Le maintien de la peine infligée en première instance est donc demandé, le plaignant estimant que le sursis de 6 mois accordé est déjà très clément au regard de la gravité des infractions commises ANNEXE VIII.
Par un courrier enregistré le 30 mars 2006, Mme C se déclare indignée de l’accusation qui lui est faite de ne pas avoir compris ses responsabilités dans le cadre de son exercice professionnel qui serait désormais exempt de critique – ANNEXE IX.

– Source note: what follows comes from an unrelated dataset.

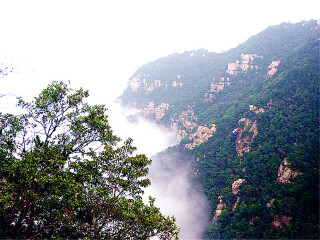 旅游去廬山_廬山八月份旅游_到廬山旅游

J’ai reçu Mme C, assistée de Me BURZOT, au siège du Conseil national le 9 octobre 2006 —
ANNEXE X. Elle m’a confirmé exercer seule aidée uniquement 24 h par semaine par un rayonniste. Son chiffre d’affaires en 2005 a été d’environ 299 000 euros. Une fois de plus, Mme C a exprimé ses regrets pour son manque de suivi dans les dispensations d’Androtardyl®, mais a insisté sur le fait que les 404 boîtes vendues en 33 mois ne constituait pas le « trafic » pour lequel elle avait été principalement condamnée en première instance.
Enfin, le 17 novembre 2006, Mme C a versé au dossier la photocopie de la facture des travaux réalisés après les dégâts des eaux, accompagnée des photographies du préparatoire et du comptoir prises depuis – ANNEXE XI.